International Webinar on Indigenous ontologies and relational ecologies in India and Latin America
Join the IUAES Commission on the Anthropology of Religion and the IUAES
Commission on Human Rights on March 19, at 2:00 PM UTC

🧑🔬 Talks:
Dancing with the Forest: Indigenous Ontologies and Relational Ecology in Odisha
(Stefano Beggiora – Associate professor, University Ca'Foscari of Venice, Italy)
In the wake of the widely discussed ontological turn in anthropology, relational ecology has emerged as an interdisciplinary approach that understands humans, societies, and environments as an interconnected web, moving beyond the long-standing nature/culture divide. Centered on the quality of relationships, it foregrounds respect, empathy, active listening, and sustainability as ethical orientations aimed at preventing suffering and violence in relations between people and the environment. Drawing on the findings of a multi-year ethnographic study conducted among Indigenous communities in Odisha (Saora and Kond), this presentation examines key dimensions of relational ecology, including interspecific interdependence and ecological communication, as well as renewed foundations for anthropological inquiry and possible practical applications for the ethical management of exchanges between humans and the environments. The study further argues that many of these emerging conceptual directions are, to a significant extent, already implicit within the Indigenous cosmologies under consideration.
Bio: Stefano Beggiora is Associate Professor at Ca' Foscari University of Venice (Italy), at the Department of Asian and North African Studies, where he currently serves as Departmental Delegate for Internationalization. He is also director of the scientific book series STRADE and of the Venice Journal of Environmental Humanities.
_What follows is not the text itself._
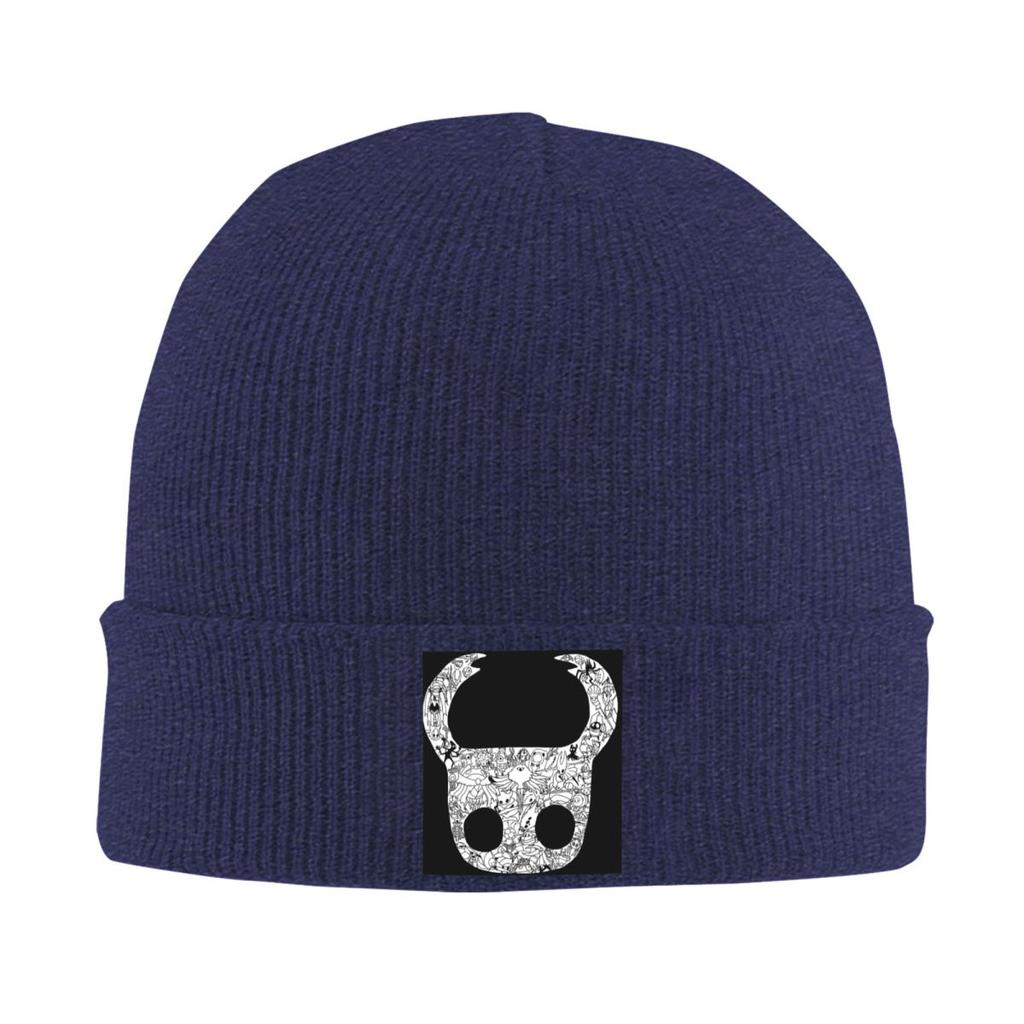 The Hollow Skull Video Game Warm Knitted Cap Hip Hop Bonnet Hat Autumn Winter Outdoor Beanies Hats for Unisex Adult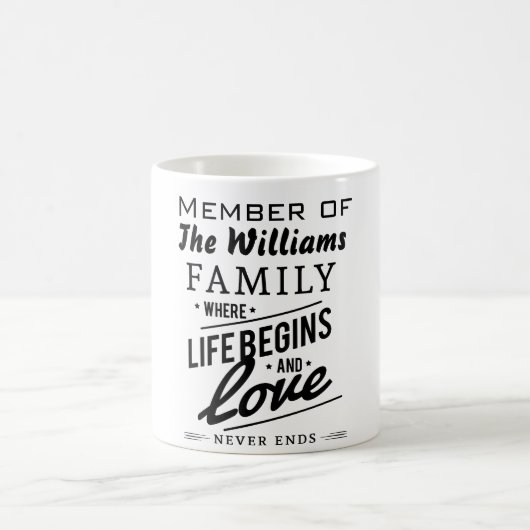 Williams Family Member Love  Typografie Koffiemok (Center)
His recent research focuses on the ethnology and anthropology of India — especially the study of South-Asian shamanism and the religions, societies, and rights of indigenous (ādivāsī) communities — as well as environmental history of South Asia, socio-economic development in India, and the legal and constitutional frameworks protecting marginalized castes and ethnic minorities.
Sacred groves and sacred landscapes in indigenous ontologies of Adivasi India and Latin America
(Lidia Guzy,University College Cork, Cork, Ireland)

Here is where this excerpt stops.